Signed-off-by: Jonathan Rajotte <jonathan.rajotte-julien at efficios.com>
---
v5:
- Move patch version information under signed-off.
- Cleanup whitespace in commit msg.

v4:
- Complete rework to expose an internal API for TCP keep-alive
  functionality support.
- keepalive -> keep_alive
- Moved env. variables #define to defaults.h.
- Introduced struct tcp_keep_alive_support and struct
  tcp_keep_alive_config as suggested.
- Use config_parse_value for LTTNG_RELAYD_KEEP_ALIVE.
  Values supported: on,off,true,false,yes,no,1,0.
- Support tcp_keepalive_abort_threshold on Solaris 11.

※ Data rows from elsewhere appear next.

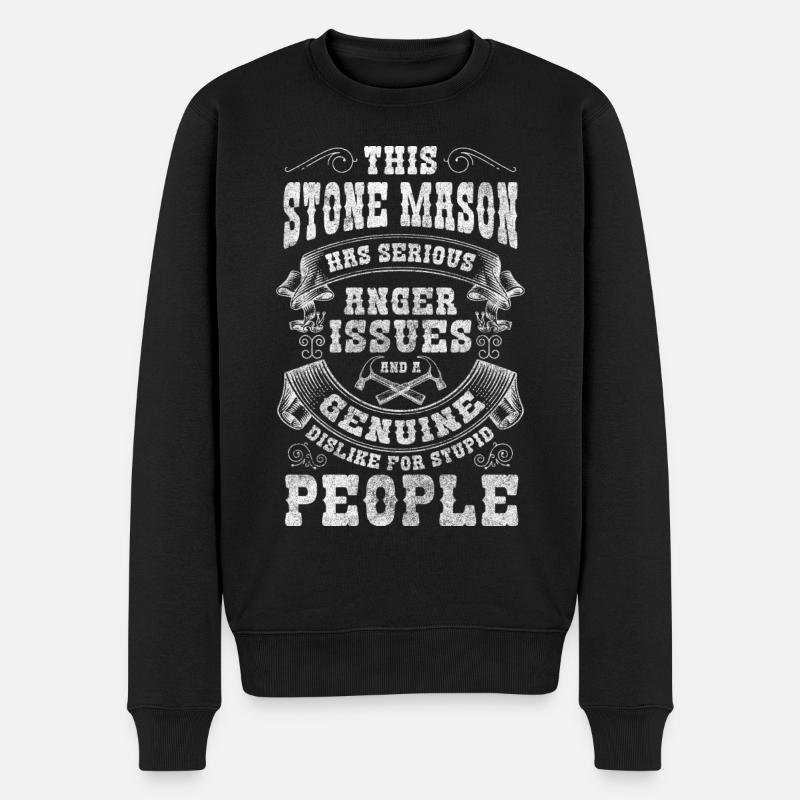 Stonemason Work Craft Craftsman - Men's Premium Organic Jumper - black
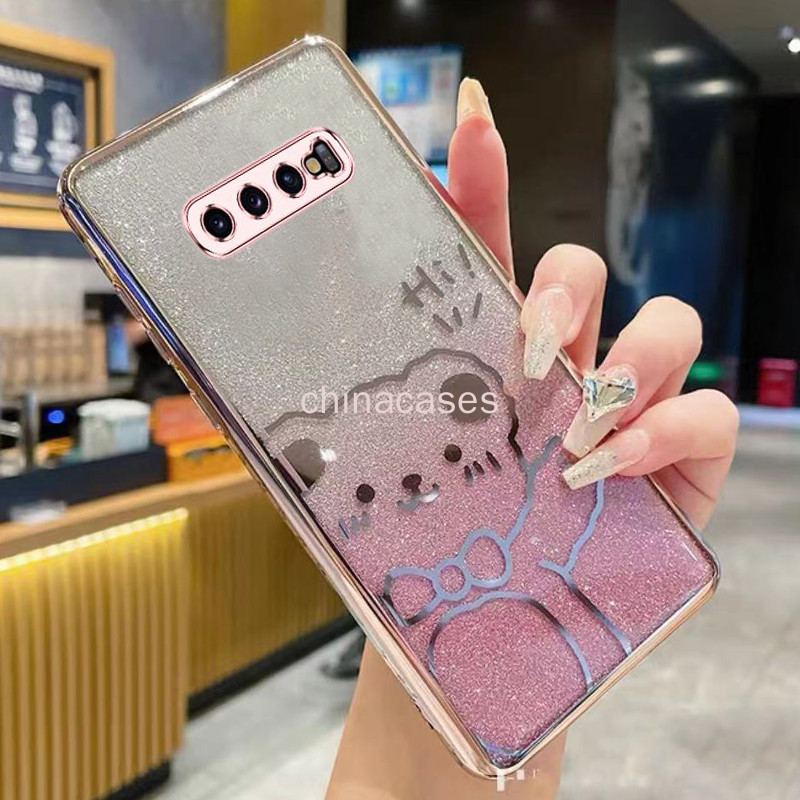 เคส Samsung S10 S10Plus S10+ โบว์ไล่ระดับ ประกาย สีชมพู หมีน่ารัก เคสโทรศัพท์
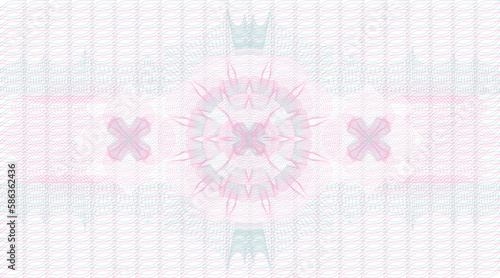 guilloche pink and green background with rosette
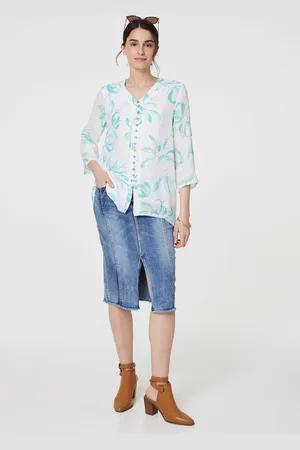 Izabel London Womens Floral Turn-Up Sleeve Longline Shirt - Size 14 UK
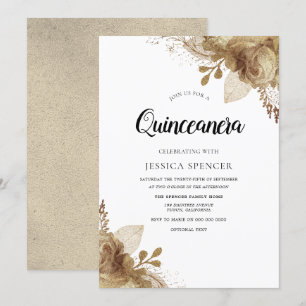Invitación Flores de oro Elegante Fiesta Quinceanera Invitado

  This is the more granular equivalent to tcp_keepalive_probe &
  tcp_keepalive_intvl. The environment variable exposed is
  LTTNG_TCP_KEEP_ALIVE_ABORT_THRESHOLD.
- tcp_keep_alive_init is called at lttng-relayd start to validate
  the values passed, if any, and error out if not they are not valid. It
  could be called lazily as proposed but would result in validation only
  when a socket is prepared (on channel creation) which is
  counter-intuitive and could happen a long time after lttng-relatd
  start.
- tcp_keepalive_setsockopt renamed to socket_apply_keep_alive_config

v3:
- Fix inversion of definition for tcp_keepalive_time_valid.

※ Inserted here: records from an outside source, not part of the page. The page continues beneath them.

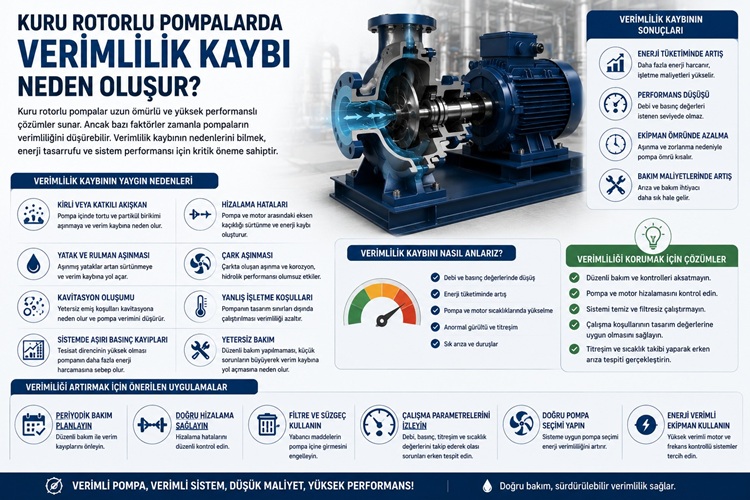 Kuru Rotorlu Pompalarda Verimlilik Kaybı Neden Oluşur?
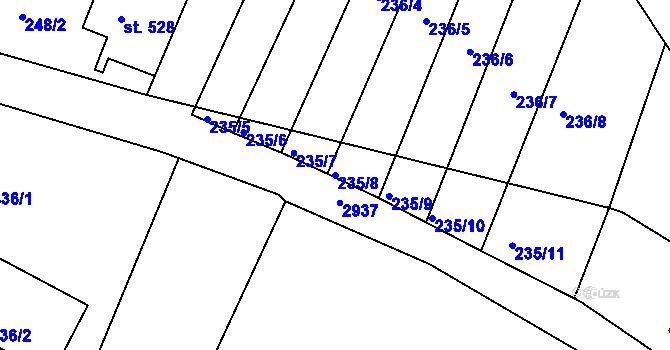 Parcela st. 235/8 v KÚ Ves Blížkovice, Katastrální mapa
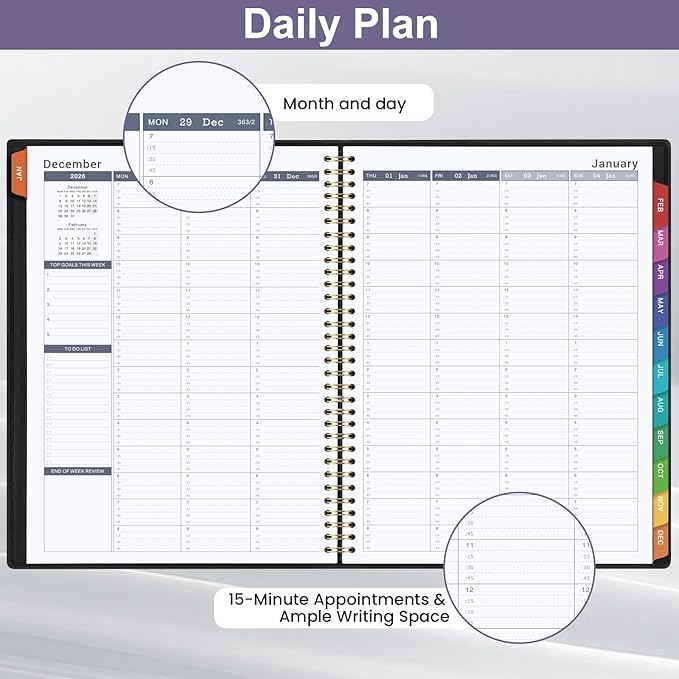 Appointment Book 2026 - Daily Planner, Large Planner Weekly Monthly Appointment Book 2026, 8.5" x 11", Jan 2026- Dec 2026 Planner with 15-Minute Interval - Black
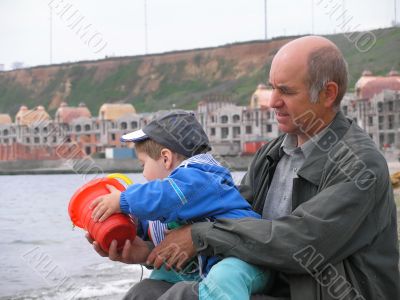 senior man with a grandson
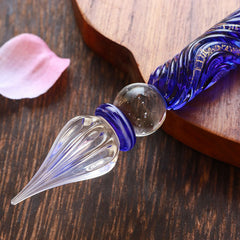 国東ガラスペン・ペン枕セット・ブルーローズ Glass Pen - Wancher ワンチャー
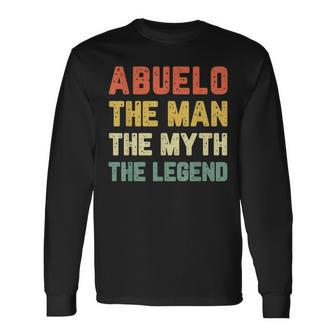 Abuelo The Man The Myth The Legend Vintage Christmas Long Sleeve T-Shirt - Seseable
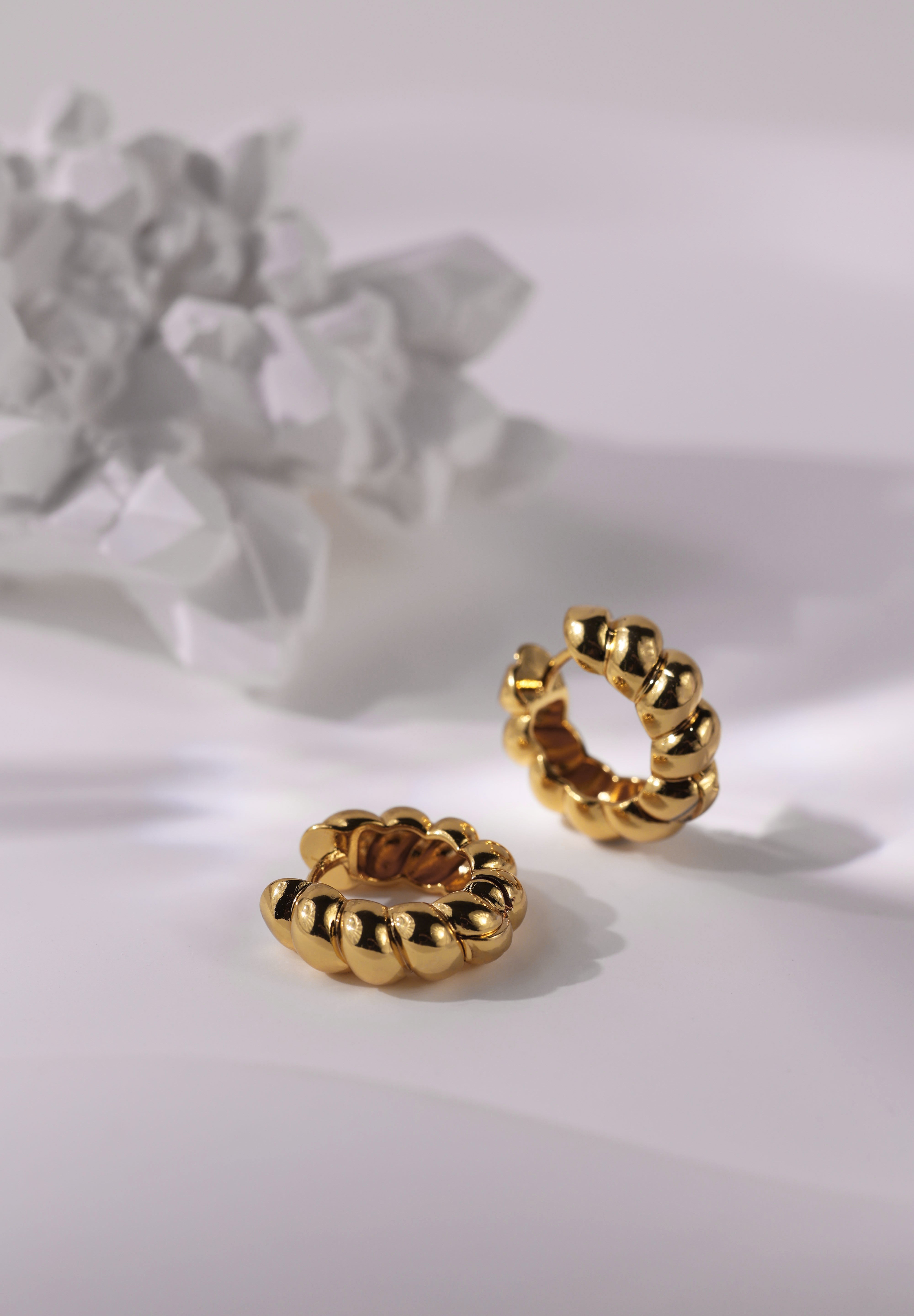 Croissant Gold Hoop Earrings, Twist Hoop 5mm thick, Gold Dome Hoop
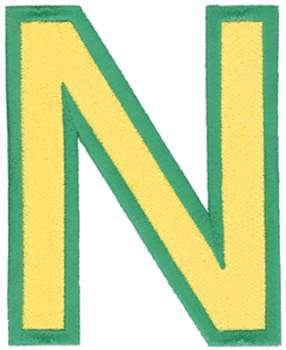 Filled Nu Symbol Machine Embroidery Design
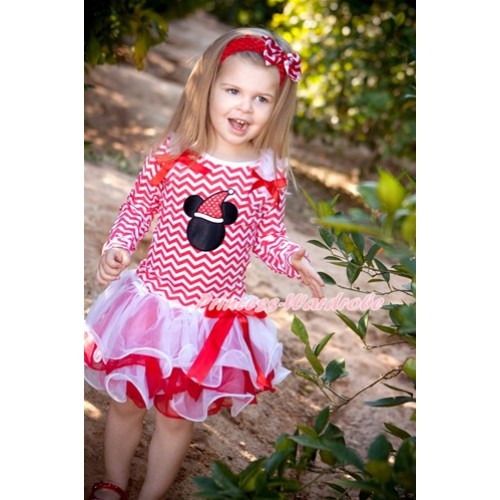 Xmas Red Bow White Red Petal Pettiskirt with Matching Red White Wave Long Sleeve Top with White Ruffles & Red Bow & Christmas Minnie Print MW336 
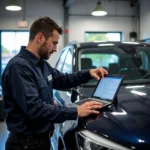 Experienced Mechanic Working on a Car in a Glasgow Garage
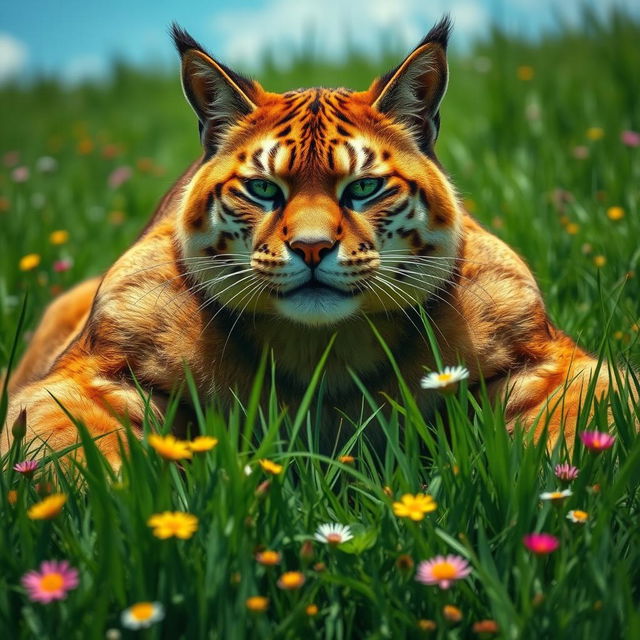 A large and powerful cat, with muscular build and vibrant fur, shedding tears in a lush, green landscape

- Handle value of -1 and value < -1 in tcp_keepalive_time_valid
- Allow value of -1 for LTTNG_RELAYD_TCP_KEEP_ALIVE_TIME,
  LTTNG_RELAYD_TCP_KEEP_ALIVE_PROBES, LTTNG_RELAYD_TCP_KEEP_ALIVE_INTVL
  on Solaris 10 & 11.
- Fix LTTNG_RELAYD_TCP_KEEP_ALIVE_TIME=-1 cases for solaris which would
  yield -1000 as final modifier value.

v2:
-  Replace __sun -> __sun__
-  Use MS_PER_SEC
-  Modified definition of tcp_keepalive_time_valid to increase
   readability.
-  In tcp_keepalive_time_valid return true if value is -1 since it is
   equivalent to letting the system manage the setting.

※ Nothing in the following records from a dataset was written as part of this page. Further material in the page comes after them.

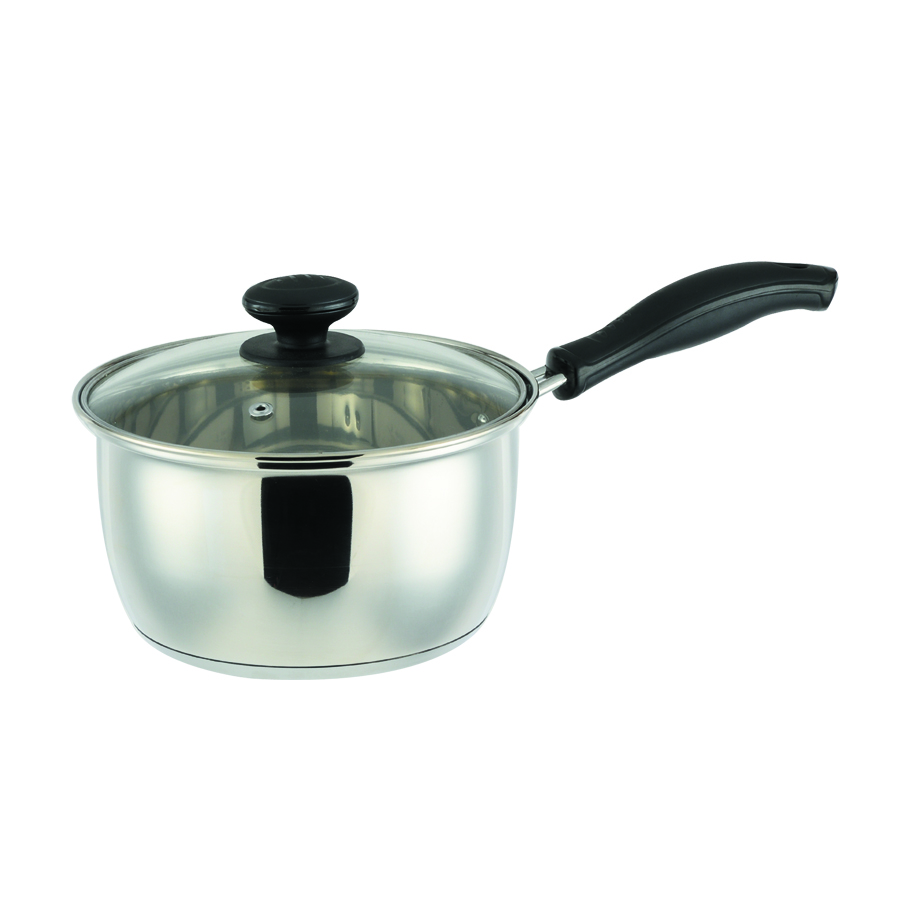 レシェンテ 3層底ガラス蓋付片手鍋18cm H-922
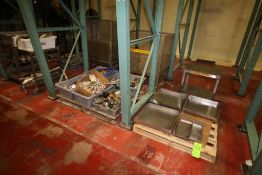 Assorted S/S Piping, Fittings, Carts, Table, Stands and Totes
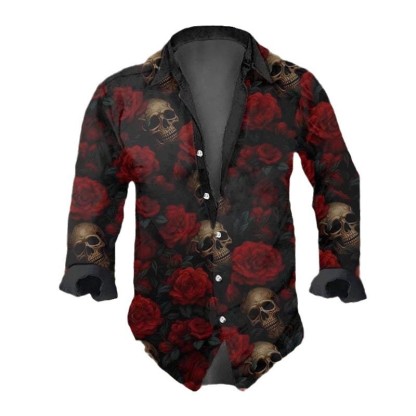 Men's Vintage Dark Skull Print Long Sleeve Shirt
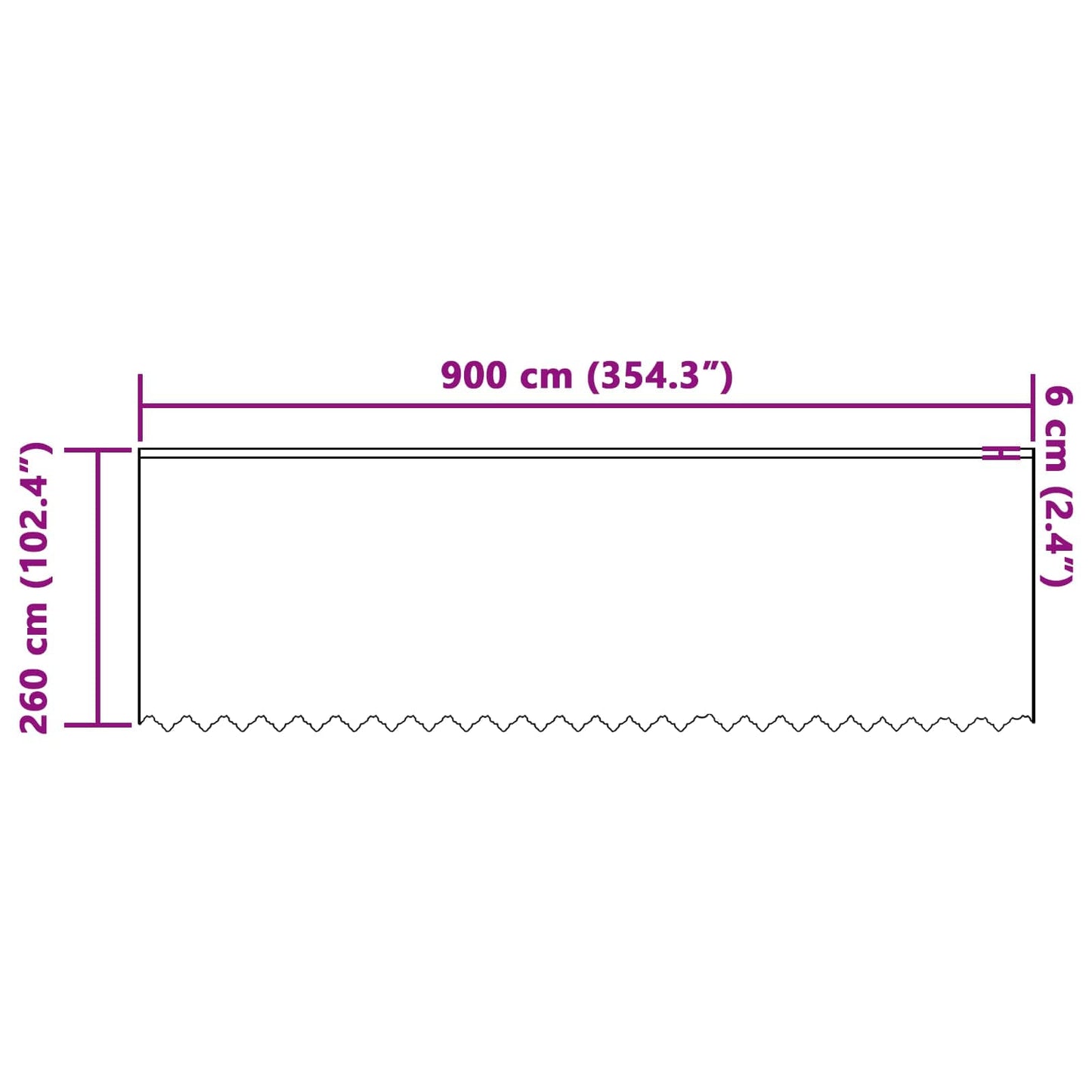 Tenda in Pizzo con tende Bianco 260 x 900 cm Poliestere | homemem39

-  Removed debugging getsockopt calls
---
 src/bin/lttng-relayd/Makefile.am      |   3 +-
 src/bin/lttng-relayd/main.c           |  15 +
 src/bin/lttng-relayd/tcp_keep_alive.c | 560 ++++++++++++++++++++++++++++++++++
 src/bin/lttng-relayd/tcp_keep_alive.h |  24 ++
 src/common/defaults.h                 |   7 +
 5 files changed, 608 insertions(+), 1 deletion(-)
 create mode 100644 src/bin/lttng-relayd/tcp_keep_alive.c
 create mode 100644 src/bin/lttng-relayd/tcp_keep_alive.h

diff --git a/src/bin/lttng-relayd/Makefile.am b/src/bin/lttng-relayd/Makefile.am
index c7dd37e..5125c72 100644
--- a/src/bin/lttng-relayd/Makefile.am
+++ b/src/bin/lttng-relayd/Makefile.am
@@ -21,7 +21,8 @@ lttng_relayd_SOURCES = main.c lttng-relayd.h utils.h utils.c cmd.h \
                        stream-fd.c stream-fd.h \
                        connection.c connection.h \
                        viewer-session.c viewer-session.h \
-                       tracefile-array.c tracefile-array.h
+                       tracefile-array.c tracefile-array.h \
+                       tcp_keep_alive.c tcp_keep_alive.h
 
 # link on liblttngctl for check if relayd is already alive.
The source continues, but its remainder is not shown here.